**WHAT YOU ARE ASKED TO DO:**
Extract the lines up to and including the one that contains "Các vở kịch", starting with the first line of the entries below, and omit the pictures.

**Dataset excerpts:**
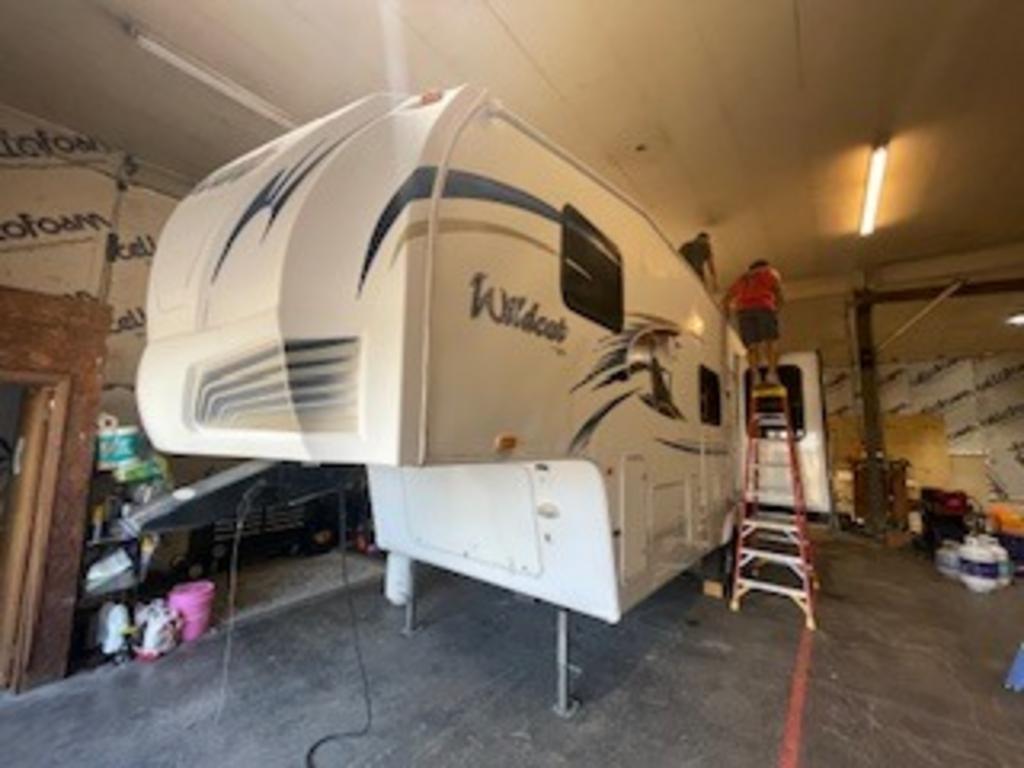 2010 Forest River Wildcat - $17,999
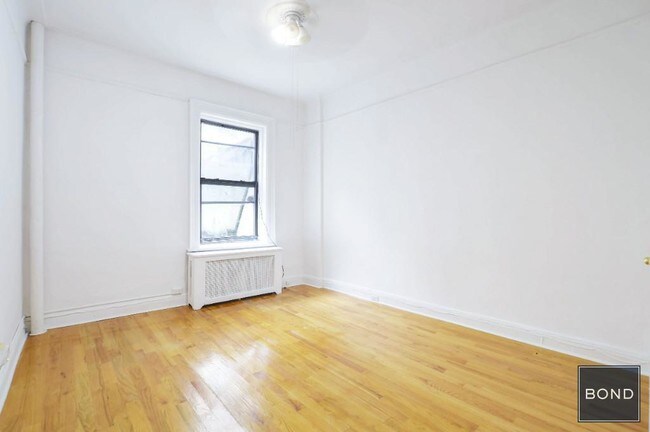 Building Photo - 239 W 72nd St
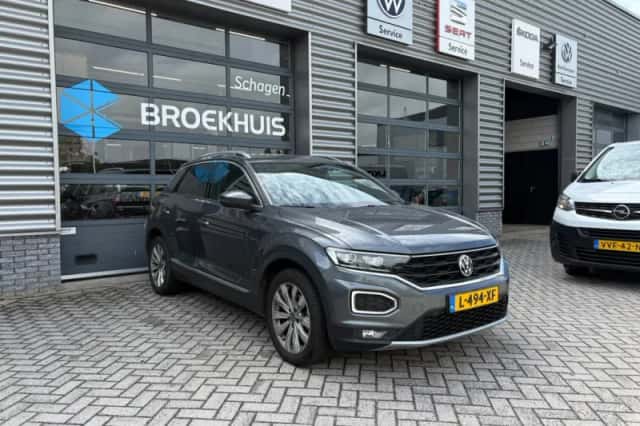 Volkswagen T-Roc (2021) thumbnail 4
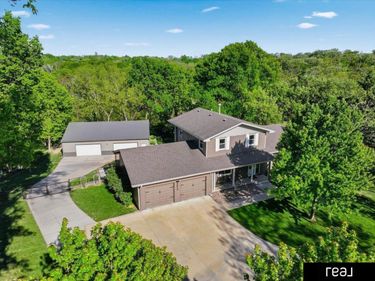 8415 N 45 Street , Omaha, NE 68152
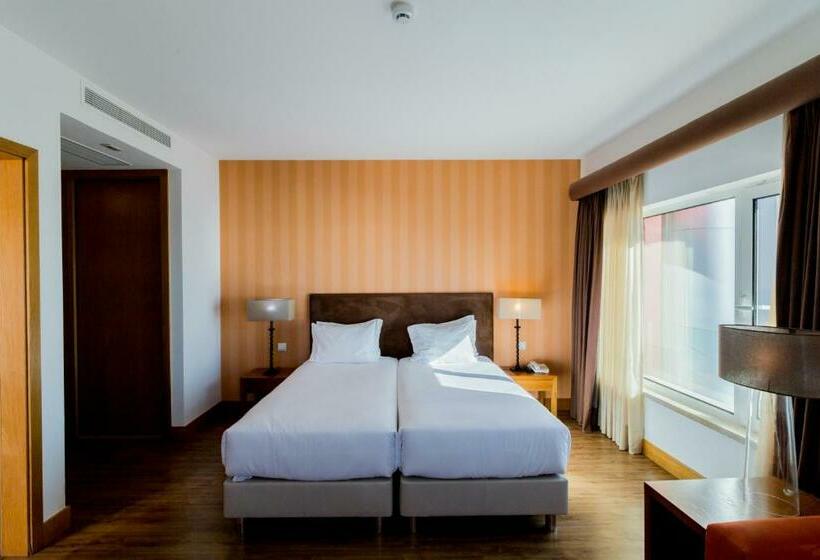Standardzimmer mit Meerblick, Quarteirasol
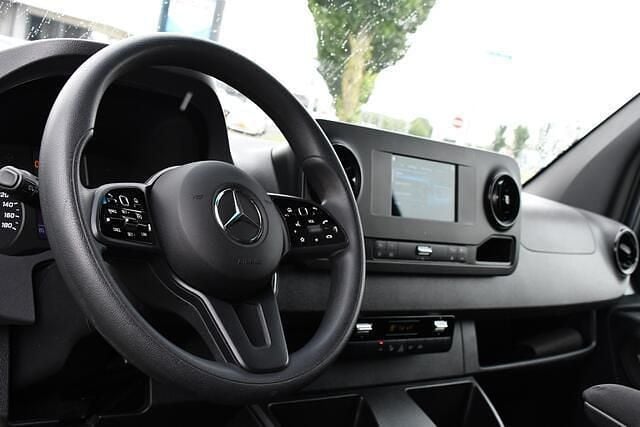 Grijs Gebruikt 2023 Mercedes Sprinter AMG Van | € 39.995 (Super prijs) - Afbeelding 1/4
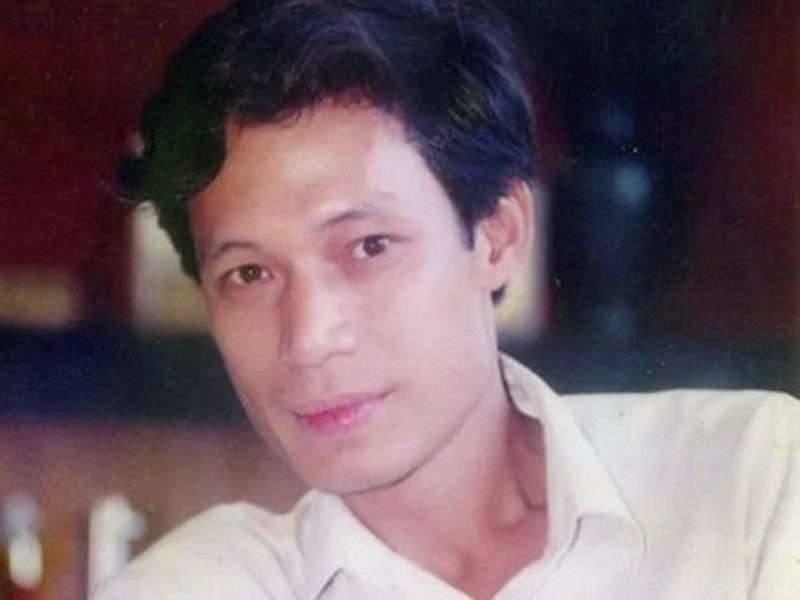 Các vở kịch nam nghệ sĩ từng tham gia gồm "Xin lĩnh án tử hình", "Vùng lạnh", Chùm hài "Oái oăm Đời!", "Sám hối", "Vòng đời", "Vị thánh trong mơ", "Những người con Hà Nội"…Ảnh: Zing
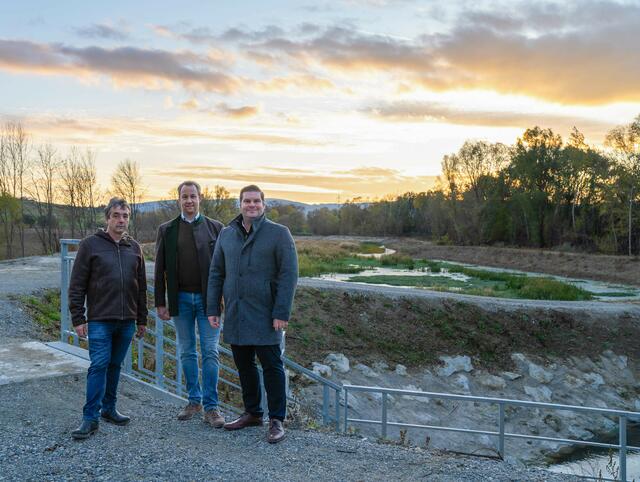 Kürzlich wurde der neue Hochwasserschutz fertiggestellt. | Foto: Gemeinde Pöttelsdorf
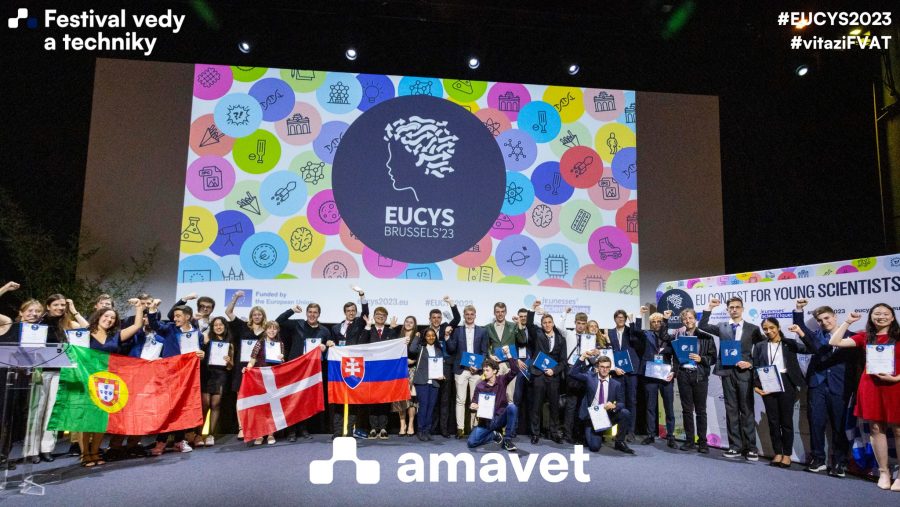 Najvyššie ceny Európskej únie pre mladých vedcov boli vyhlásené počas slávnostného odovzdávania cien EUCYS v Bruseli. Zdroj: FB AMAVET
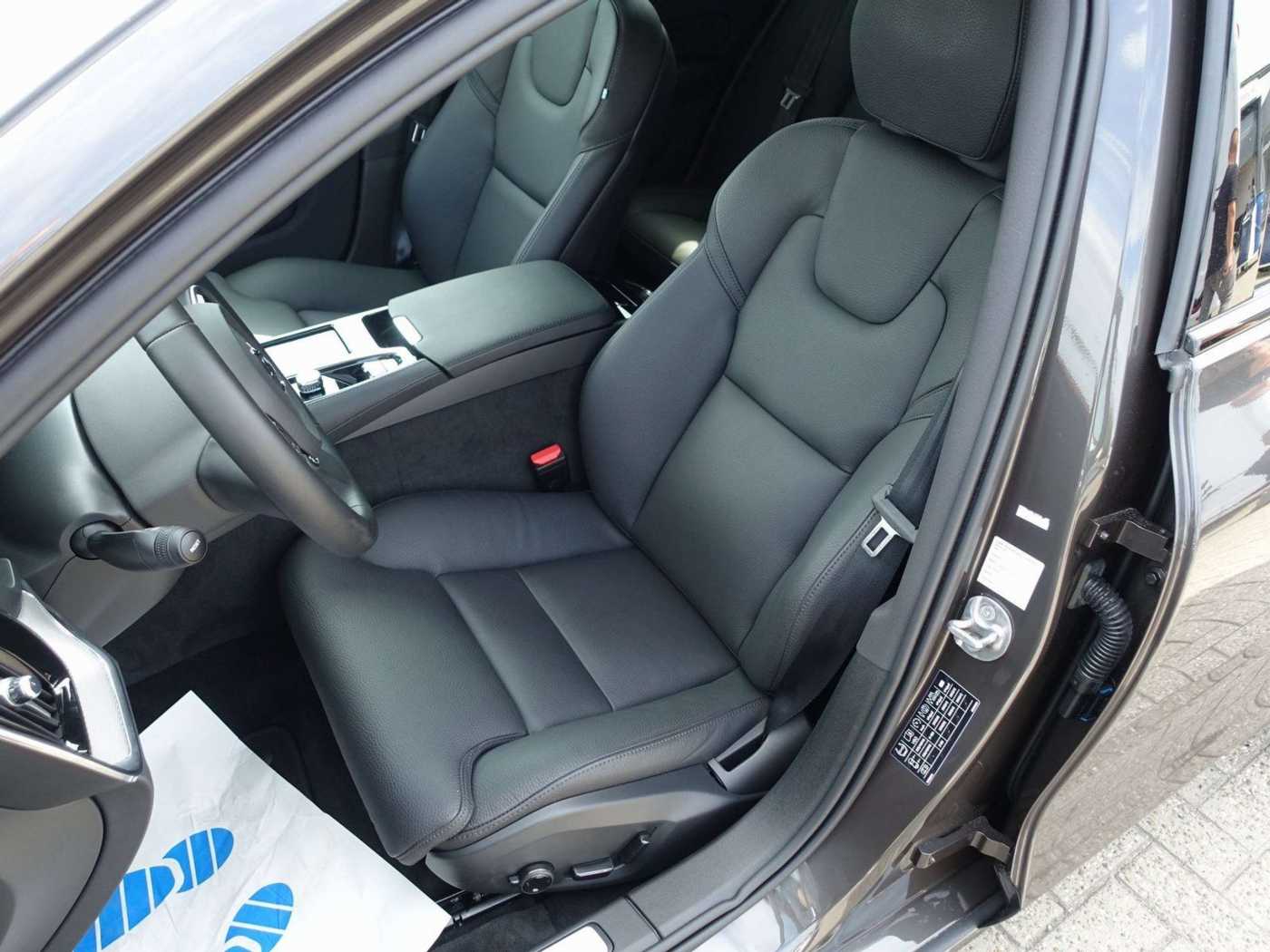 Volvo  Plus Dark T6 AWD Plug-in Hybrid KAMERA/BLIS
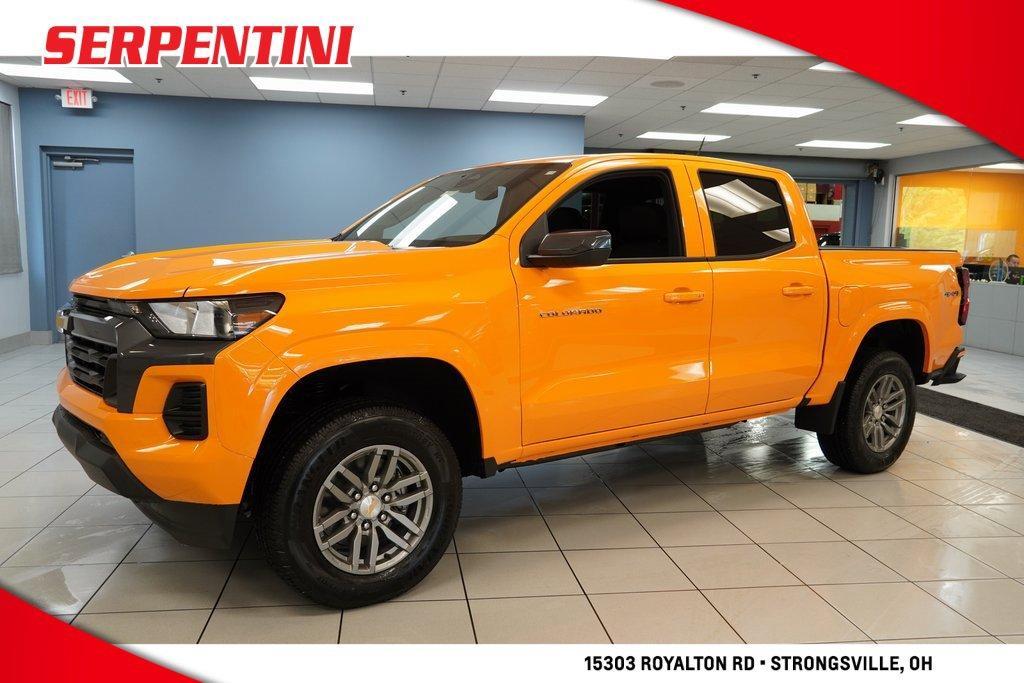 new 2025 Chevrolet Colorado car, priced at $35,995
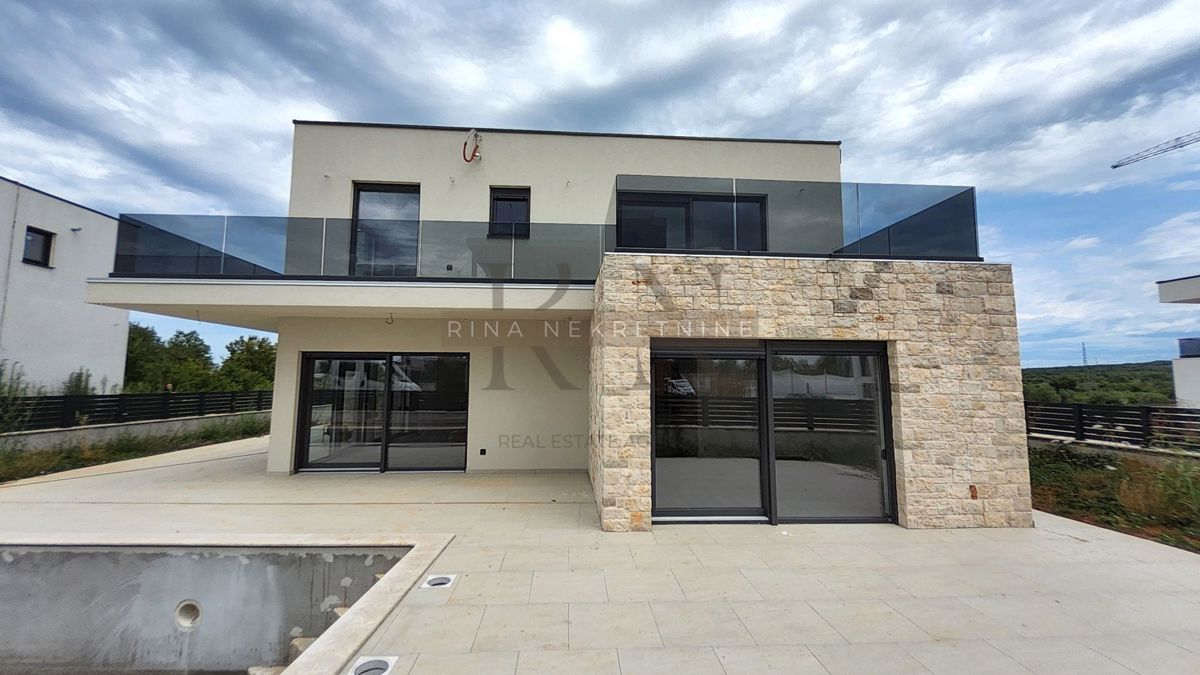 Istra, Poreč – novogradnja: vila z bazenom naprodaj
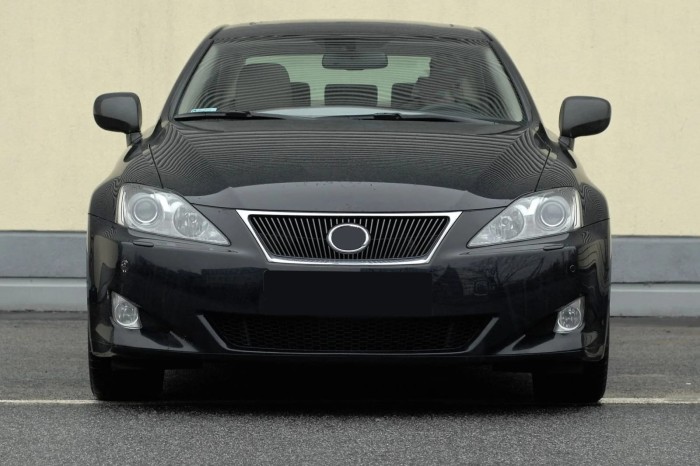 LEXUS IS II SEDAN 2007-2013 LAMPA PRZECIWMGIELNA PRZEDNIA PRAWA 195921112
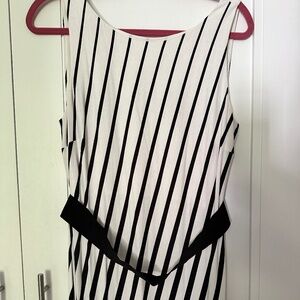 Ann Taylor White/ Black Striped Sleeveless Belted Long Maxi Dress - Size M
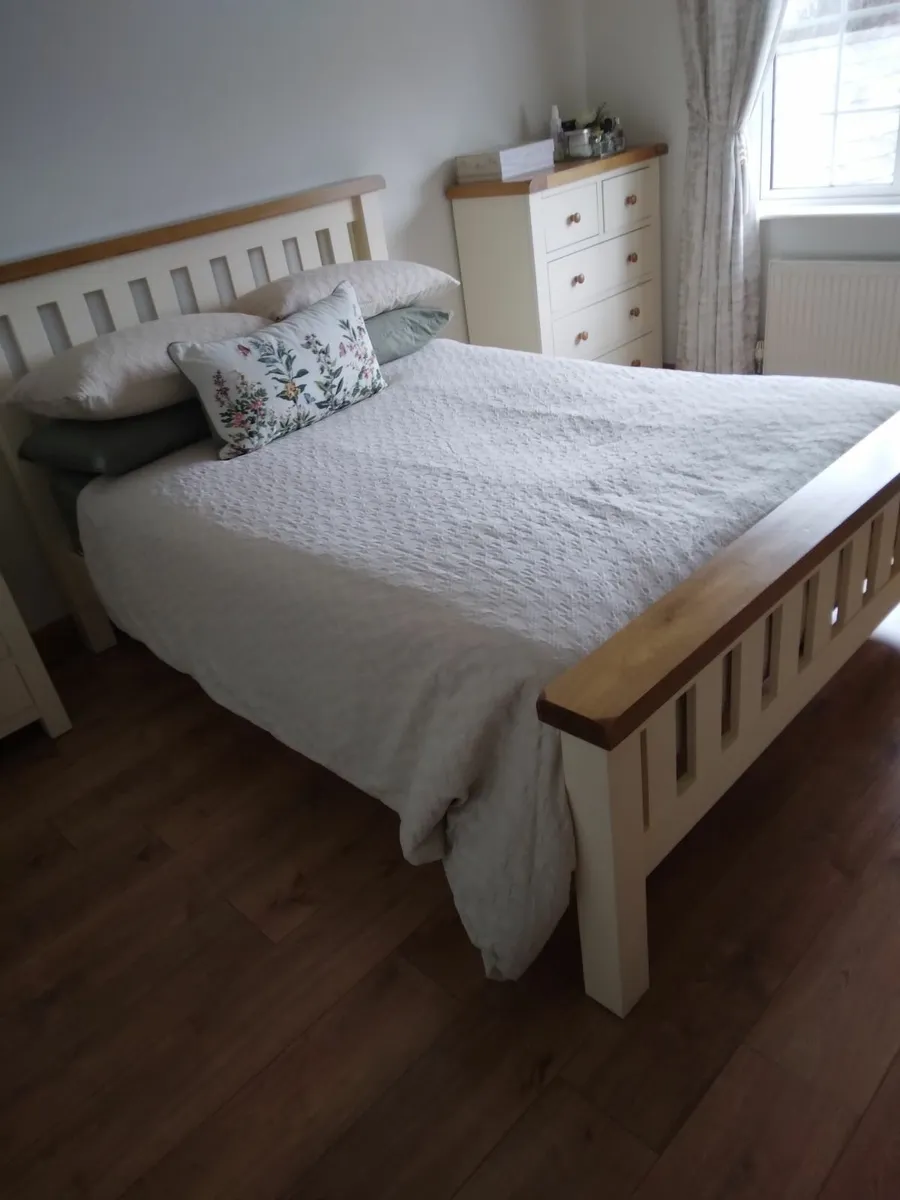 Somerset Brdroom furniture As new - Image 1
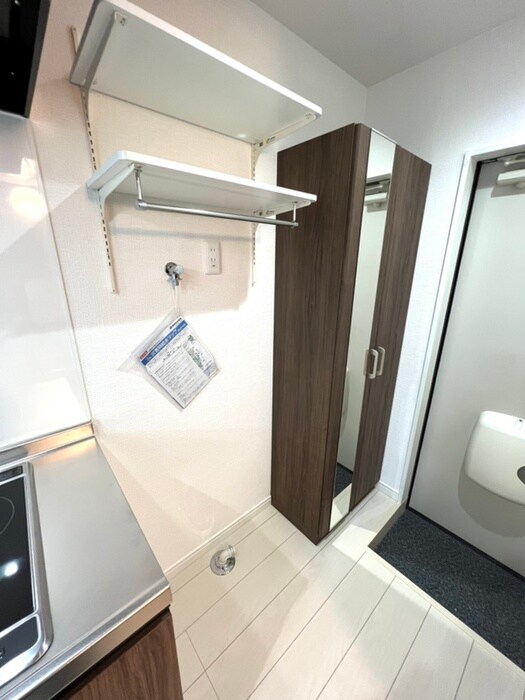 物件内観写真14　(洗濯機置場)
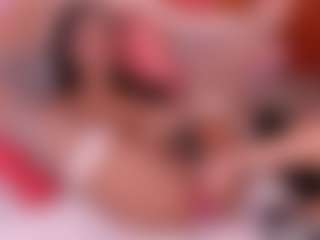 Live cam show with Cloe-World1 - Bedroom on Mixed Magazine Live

**TASK RESPONSE:**
 2010 Forest River Wildcat - $17,999
 Building Photo - 239 W 72nd St
 Volkswagen T-Roc (2021) thumbnail 4
 8415 N 45 Street , Omaha, NE 68152
Standardzimmer mit Meerblick, Quarteirasol
 Grijs Gebruikt 2023 Mercedes Sprinter AMG Van | € 39.995 (Super prijs) - Afbeelding 1/4
 Các vở kịch nam nghệ sĩ từng tham gia gồm "Xin lĩnh án tử hình", "Vùng lạnh", Chùm hài "Oái oăm Đời!", "Sám hối", "Vòng đời", "Vị thánh trong mơ", "Những người con Hà Nội"…Ảnh: Zing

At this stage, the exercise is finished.